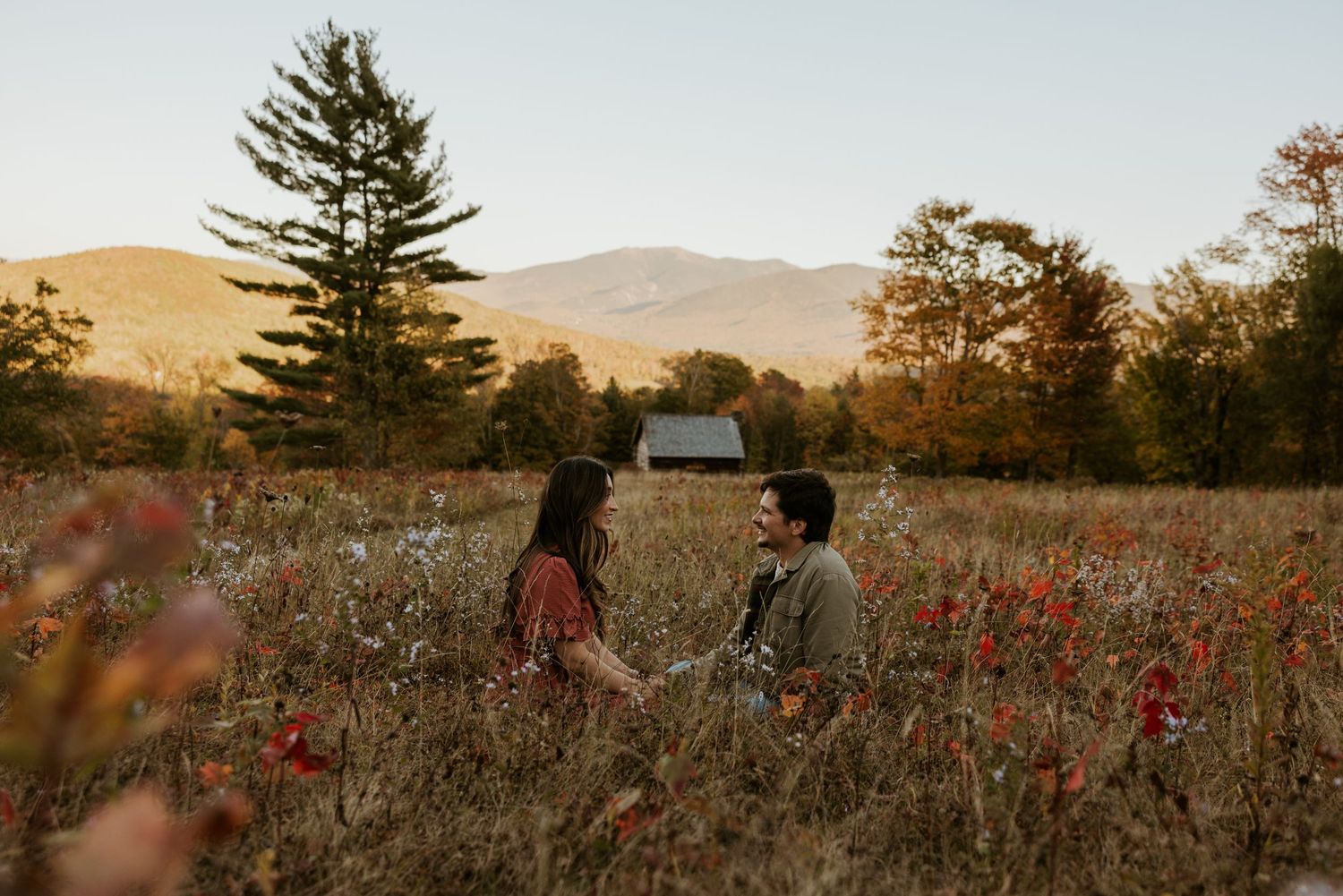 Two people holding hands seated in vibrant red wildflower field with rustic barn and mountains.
--
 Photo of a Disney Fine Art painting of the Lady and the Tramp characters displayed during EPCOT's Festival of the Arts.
---
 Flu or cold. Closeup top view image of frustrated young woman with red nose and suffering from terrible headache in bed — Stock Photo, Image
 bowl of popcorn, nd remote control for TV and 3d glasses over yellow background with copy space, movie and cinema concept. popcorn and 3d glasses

## Problem statement
Pull every line containing "Photo" out of the entries.

## Response area
 Photo of a Disney Fine Art painting of the Lady and the Tramp characters displayed during EPCOT's Festival of the Arts.
 Flu or cold. Closeup top view image of frustrated young woman with red nose and suffering from terrible headache in bed — Stock Photo, Image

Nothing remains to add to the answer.